DIRECTIONS FOR THIS TASK:
The answer must be every entry below, word for word, with the pictures left out.

DATA:
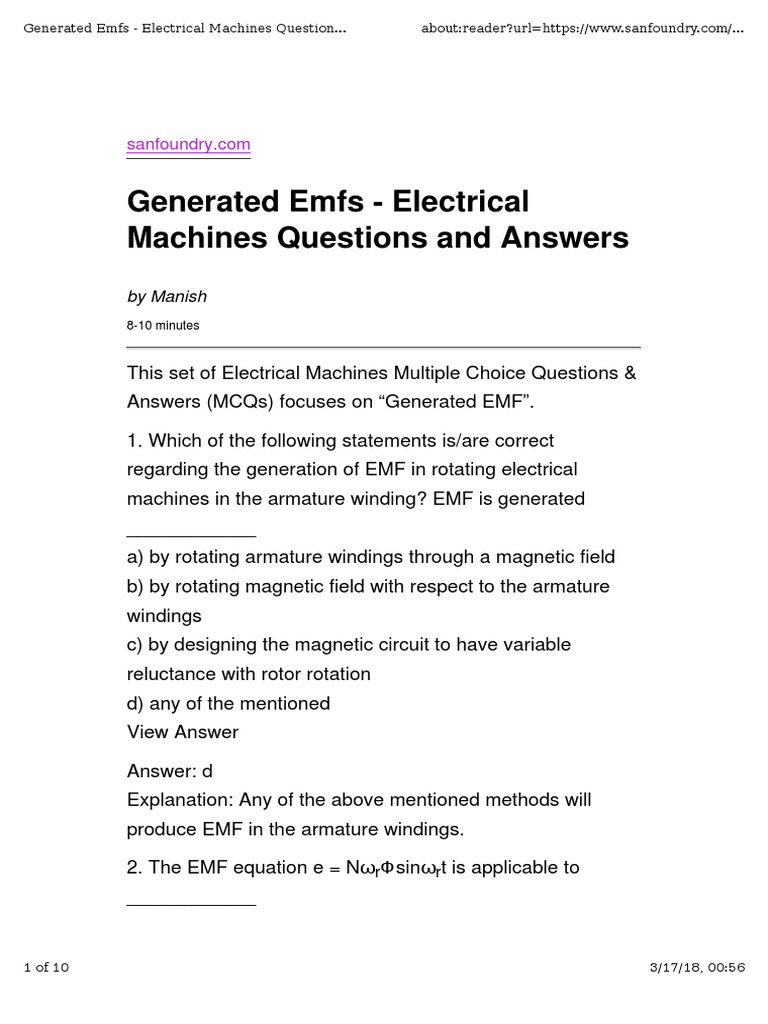 AC Generator EMF and Speed Calculations | PDF | Electromagnetic ...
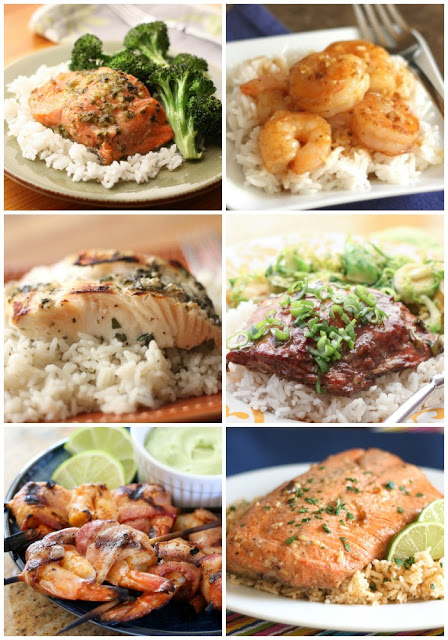 A bunch of different types of food, with Dinner and Seafood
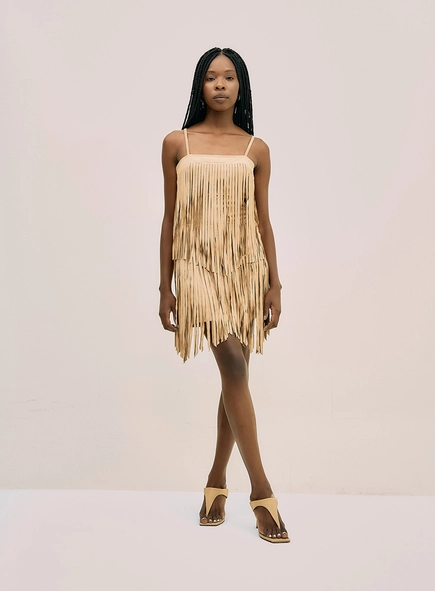 Vestido Curto Em Camurça Com Franjas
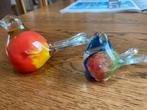 Vogels 11 en 7 cm glas vaste prijs 25 euro, Antiek en Kunst, Antiek | Glas en Kristal, Ophalen of Verzenden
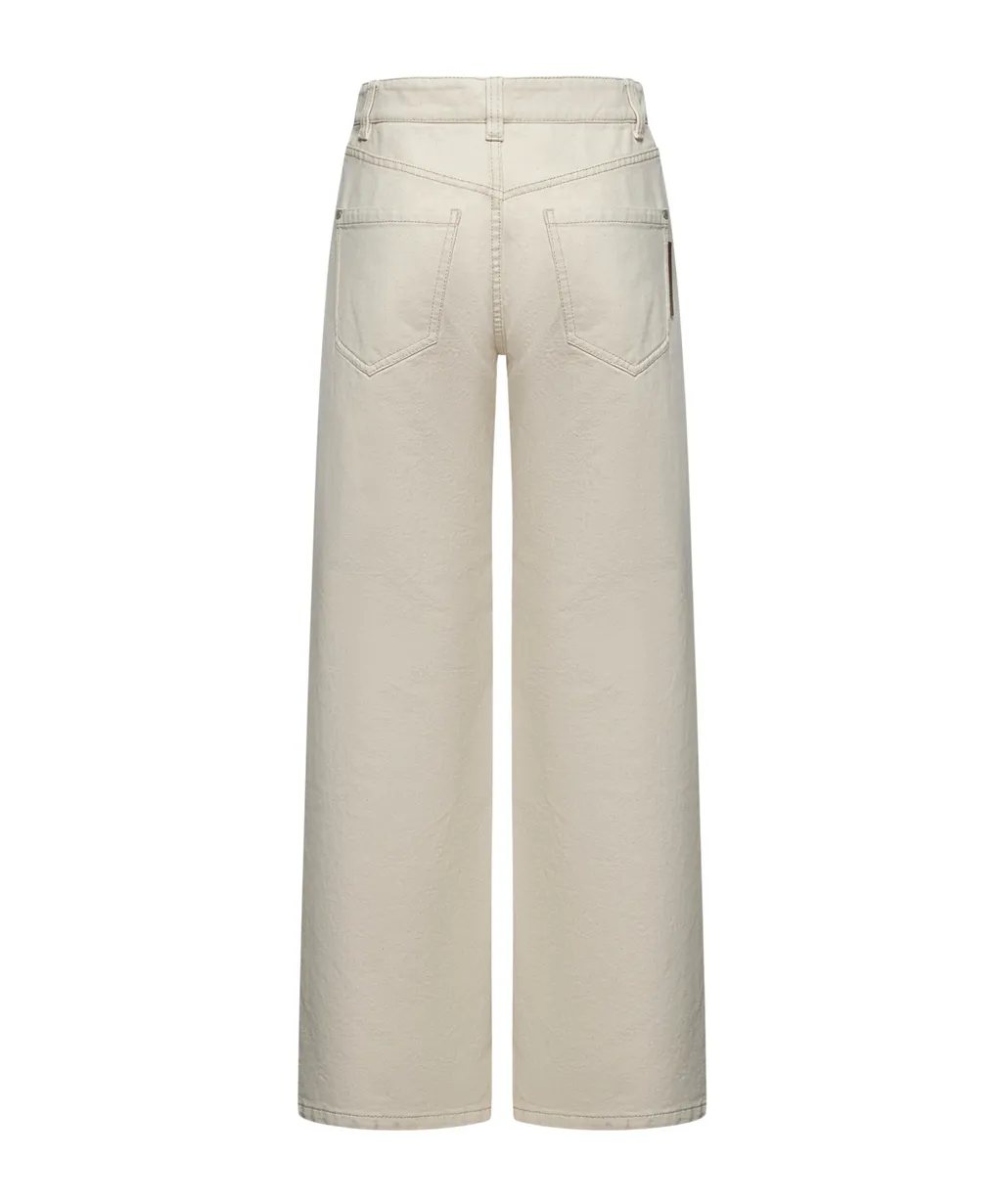 Brunello Cucinelli Logo Patch Straight Leg Jeans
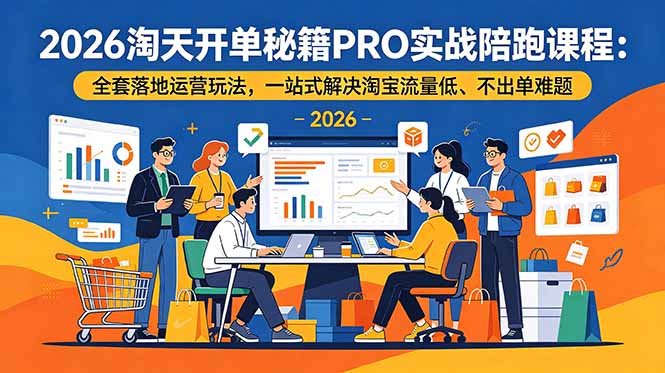 2026淘天开单秘籍PRO实战陪跑课程：全套落地运营玩法，一站式解决淘宝流量低、不出单难题-资源项目网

FINISHED EXERCISE:
 AC Generator EMF and Speed Calculations | PDF | Electromagnetic ...
 A bunch of different types of food, with Dinner and Seafood
 Vestido Curto Em Camurça Com Franjas
 Vogels 11 en 7 cm glas vaste prijs 25 euro, Antiek en Kunst, Antiek | Glas en Kristal, Ophalen of Verzenden
 Brunello Cucinelli Logo Patch Straight Leg Jeans
 2026淘天开单秘籍PRO实战陪跑课程：全套落地运营玩法，一站式解决淘宝流量低、不出单难题-资源项目网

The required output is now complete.